Now, short journey to making maftoul, which was billed in the LA times as "the Palestinian cousin to couscous". I am lucky enough to have been gifted 2 different Palestinian cookbooks and I had some teeny tiny couscous and was looking for a recipe, and saw a recipe for a chicken maftoul dish. I knew I had to get some! I ended up randomly locating it on the Patagonia provisions website, and buying lots of overpriced energy bars and some tinned fish in order to get free shipping.
It's organic and fair trade, so seemed cool. Then I started to make the dish, but since I am for some reason pathogically unable to read recipes all of the way through it called for twice as many yellow onions as I had, but I threw in 2  plus some whole shallots (as a sub for pearl onions, which i could not get)
You know if a recipe calls for this many spices it is probably going to be good! I love nutmeg in anything, and I have a vague guilt that my cinnamon is probably not real cinnamon but I don't know how to fix that easily.
Here's the finished result with my typical and neverendingly bad food photography. The maftoul was boiled with olive oil and half the spices. The rest of the spices were with the chicken, which was seared and then boiled with the chickpeas and lots of onions. I sauteed the chicken and onion in ghee, which is like the best aroma in the world, especially when you throw all those spices in. The maftoul itself was completely unique in flavor, I love it! It's naturally sweet (no added sugar), chewy and earthy.

They are whole wheat flour rolled around bulgur! You simply must check it out.

Friday, March 05, 2021

Newsflash!

 Newsflash: Heckasac is not a Substack now. I mean, if it was you wouldn't be reading it here, right? Also, where did the word "newsflash" originate? No one is ever like, "did you see the newsflash? Crazy!" Ah, Merriam Webster said it is often used ironically when something is NOT surprising. Which I guess is how I was using it.

I've been thinking about meals because 

a) I spend 34% of my time thinking about food (a percentage that has been a bit lower lately, maybe because I'm FINALLY a bit sick of cooking

b) I read the Deborah Madison memoir "An onion in my pocket" and the last chapter details memorable meals.

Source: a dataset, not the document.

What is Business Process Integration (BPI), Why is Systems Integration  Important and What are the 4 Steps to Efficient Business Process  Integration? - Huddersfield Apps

If you don't know who she is (that's her on the right): she's a cookbook author and she started the SF vegetarian restaurant Greens. Which was maybe the first fancy vegetarian restaurant in the country. I have a post-pandemic goal to eat there. I've never eaten there but when I looked inside a couple years ago I discovered it is gorgeous!

She is from Davis (her dad was a UCD botanist) and she was a member of the SF Zen center and a good cook so they kind of ordered her to open the restaurant. I didn't know that after opening it she only ran it for 6 months and has been mostly a cookbook author since. I have two of her cookbooks and they are pretty good. I feel like I should use them more.

Her memoir is great and she is a bit grumpy but in a way I agree with, like wanting food to be simple and not fussy. 

But: memorable meals! I will share one. Please share your own. I posted about it at the time, but I still remember it fairly clearly! 2009. Belgium. Hop growing area. We got a tour of the brewery and the guy who conducted it was also escorting a Japanese-speaking visitor with very little English (none of us knew Japanese) and he convinced us to go to a fancy restaurant. I was nervous because I think it had a Michelin star and I didn't know if we could afford it.

Our Saint Bernadus brewery worker companion gave a vibe that we were a bit uncouth from only knowing one language and being worried about the cost, so I remember a feeling of shame mixed with excitement.

The whole agriculture area smelled like manure very strongly, and the big deal was the the hop shoots were coming up at the time (spring). They are a delicacy in the area, and only available for a few weeks. We got (I think we split it due to the price) a pork steak with hop shoots on top. The picture is in this post.

The craziest thing was that somehow the steak had picked up the earthy, raw character of the manure-y smell of the fields (like a steak terroir) in a way that was not gross but uncanny.

Nice to discover the restaurant is still around! Share a memorable meal.